作者:曾纪鑫 | 发布时间:2018-07-31 14:57:57 | 字数:1749

提及四堡,一般读者可能不甚了了,而我的脑海,却总是固执地闪过这样一幅序幕般的图景:

一星如豆的油灯下,一位憔悴的书生手握笔管,正凝神聚气,一丝不苟地伏案书写。端正的字迹出现在略显粗糙的纸页上,他稍稍停笔,以一种欣赏而满意的姿态认真地看了看自己留下的“墨宝”,伸笔在书桌右端的砚台里蘸了蘸浓稠的墨汁,依着一旁的古籍,又开始“照葫芦画瓣”般往下抄写。不知不觉间,油灯出现了小小的灯花,灯花慢慢变大,灯光在闪烁中变得黯淡起来,模糊了书生的目光。他叹一口气,凑近油灯,将凝结的灯花挑落在地,屋子陡然亮堂了许多。书生揉揉模糊的双眼,又默默地低下头颅,将一个个沉甸甸的汉字一笔一画地涂抹、写将开来。摇曳的灯光将他的身影怪异而夸张地映射在身后的墙壁上,端庄的字迹如水流般断断续续地流淌在书生笔端,抄完一张纸页,他又铺开了另一张新纸……手抄的纸张在一天天地积累,在不屈不挠地变厚,也不知过了多少时间,一本新书终于在这艰难的抄写与不断的变厚中装订成册,脱颖而出。
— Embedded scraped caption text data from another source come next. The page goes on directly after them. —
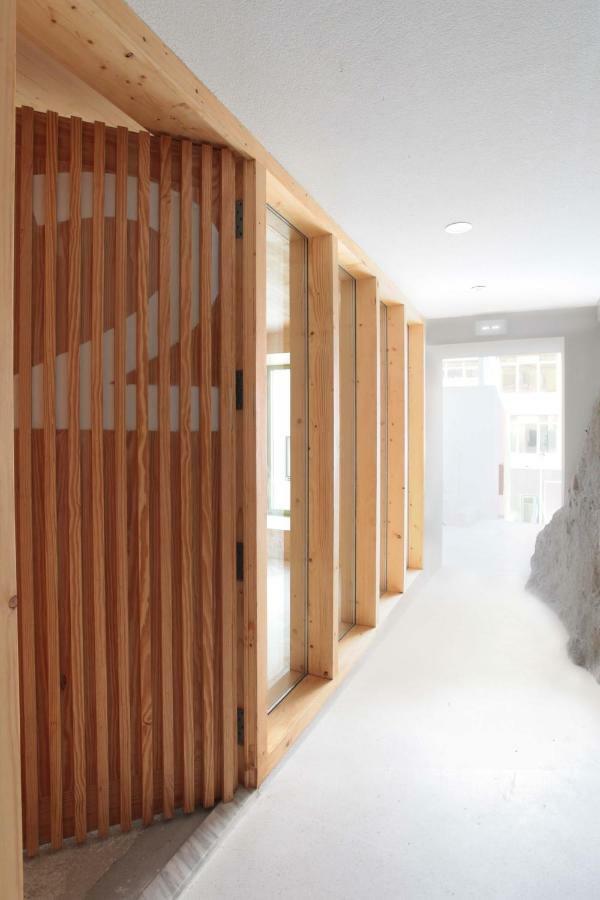 Appartement Macario Wood House à OOporto Extérieur photo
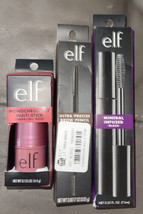 E.L.F Brow Pencil Mascara And Monochromatic Multi-stick Brown Black Lot ... - £11.86 GBP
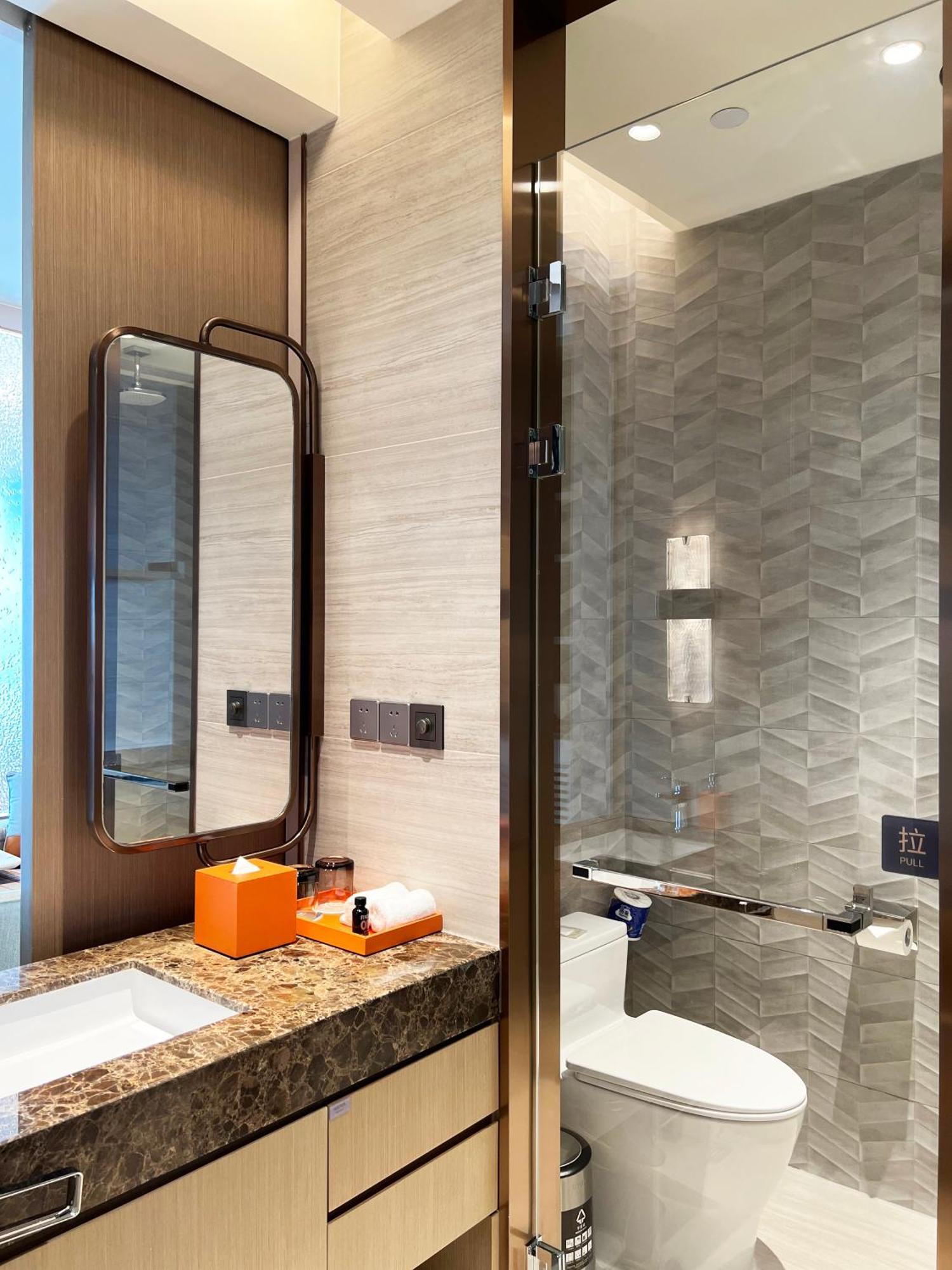L+Snow Supreme Hotel Shanghaj Zewnętrze zdjęcie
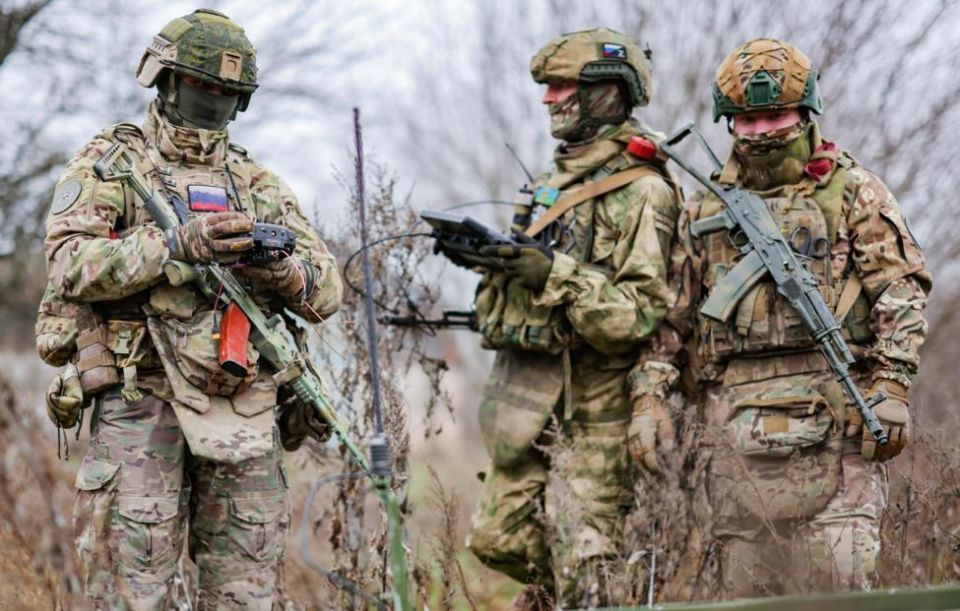 Марочко: ВС РФ начали артподготовку для освобождения Озерного и Закотного в ДНР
墙壁与身影,时间与生命,寂寥与复制,抄写与古籍,它们构成一块特殊的纪念碑,穿越茫茫时空,赫然矗立在我的眼前!

然而,四堡的出现很快就以一种毋庸置疑的强势话语挤占了这块纪念碑的地盘,它不得不迅速退居幕后,让出曾经占据的历史舞台。

四堡的地位一旦奠定与稳固,也就变成了一块新的纪念碑。新碑的诞生与存在,建立在对前一块旧碑的颠覆、解构与破碎之上。

走笔至此,哪怕对“四堡”毫不知情的读者,也该多多少少知道一点藏在这一名词背后的意义与内涵了——四堡,肯定与传统书业有关。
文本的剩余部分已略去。